帯とけの古典文芸

和歌を中心とした日本の古典文芸の清よげな姿と心におかしきところを紐解く。深い心があれば自ずからとける。

帯とけの『金玉集』 雑(四十七) 柿本人麿

2012-12-06 00:04:12 | 古典

    



             帯とけの金玉集



 紀貫之は古今集仮名序の結びで、「歌の様」を知り「言の心」を心得える人は、いにしえの歌を仰ぎ見て恋しくなるだろうと歌の聞き方を述べた。藤原公任は歌論書『新撰髄脳』で、「およそ歌は、心深く、姿清げに、心におかしきところあるを、優れたりといふべし」と、優れた歌の定義を述べた。此処に、歌の様(歌の表現様式)が表れている。


 公任の金玉集(こがねのたまの集)には「優れた歌」が撰ばれてあるに違いないので、歌言葉の「言の心」を紐解けば、歌の心深いところ、清げな姿、それに「心におかしきところ」が明らかになるでしょう。

 
 金玉集 雑(四十六) 人 麿

 ほのぼのと明石の浦の朝霧に 島がくれゆく舟をしぞ思ふ

 (ほのぼのと明けゆく明石の浦の朝霧の中で、島かげに隠れ行く舟をしみじみと思う……火の火のと赤しの心の浅切りのために、肢間隠れ逝く夫根を、おしいと思う)。


 言の戯れと言の心

 「ほのぼのと…うっすら、ぼんやりと…ほのかに…火の火のと…炎のように」「あかしの…明石の夜明けの…赤しの…真っ赤な…熱く燃える」「うら…浦…裏…心」「あさぎり…朝霧…浅限…浅切り…浅はかな中断」「に…さ中に…時・場所を示す…のために…原因・理由を示す」「しま…島…肢間…女」「かくれゆく…隠れ行く…隠れ逝く…ひっそりと逝く」「ふね…舟…夫根…おとこ」「をしぞ…上の語を強く指示す意を表す…惜しぞ…愛しいぞ…愛着するぞ」。

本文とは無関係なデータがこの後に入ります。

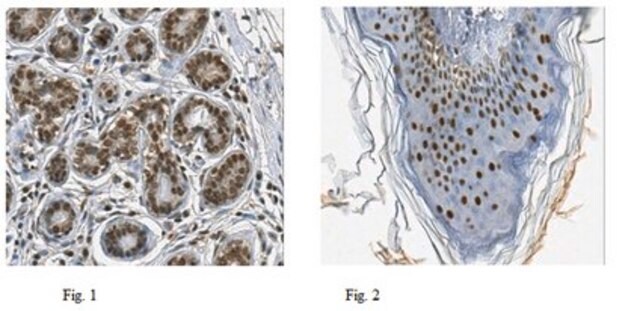 Anti-CHD-4 Antibody, clone 3F2/4 clone 3F2/4, from mouse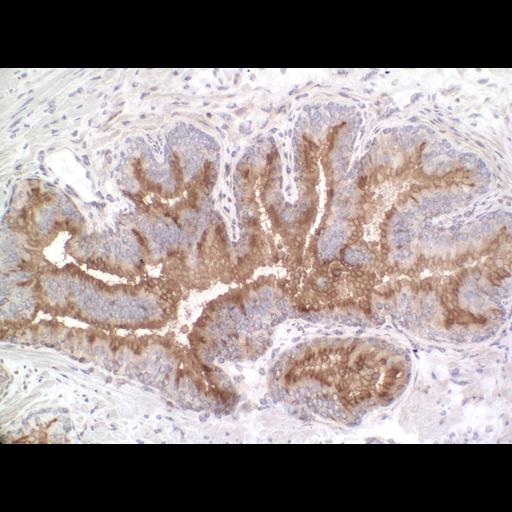  NCBI Organism:Homo sapiens; Cell Types:endocrine-paracrine cell of prostate gland, basal cell of prostate epithelium, luminal cell of prostate epithelium, blood vessel endothelial cell, perineural cell, sheath cell, leukocyte, prostate stromal cell, smooth muscle cell of prostate; Cell Components:nucleus, cell surface;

 歌の清げな姿は、夜明けの明石の浦の景色と感想。歌は唯それだけではない。

 歌の心におかしきところは、炎のように真っ赤に燃える心の、あさはかな中止のために、しまに隠れて逝くふ根を、惜しい、愛しいと思う男心。


 古今和歌集 羇旅歌。左注に「この歌は、或る人の曰く、柿本人麿が歌なり」とある。


 この歌は、暴風に流された人(仲麻呂)、流罪で流された人(篁)、京を逃れ陸奥へ流れて行った人(業平)の歌の中にあるので、都から遠ざかる人の不本意な旅での歌と直感できる。「ふね」は、よみ人自身であるとすれば、この歌の「心深きところ」「姿清げなところ」「心におかしきところ」が、おのずから明らかになるでしょう。


 藤原俊成のいう「歌はただ読み上げもし、詠じもしたるに、何となく艶にもあはれにも聞こえることのあるなるべし(古来風躰抄)」の「艶」なるところと「あはれ」なるところも、浮言綺語のような歌言葉の戯れを知っていれば聞こえてくる。


 俊成はこの歌を評して、「柿本朝臣人磨の歌なり。この歌、上古、中古、末代まで相かなえる歌なり」と述べている。今の人々に、上古、中古の人々と同じように聞こえているか疑問である。歌の様と言の戯れを知り、言の心を心得れば聞こえる。



 伝授 清原のおうな


 鶴の齢を賜ったという媼の秘儀伝授を書き記している。

 聞書 かき人しらず


  『金玉集』の原文は、『群書類従』巻第百五十九金玉集による。漢字かな混じりの表記など、必ずしもそのままではない。又、歌番はないが附した。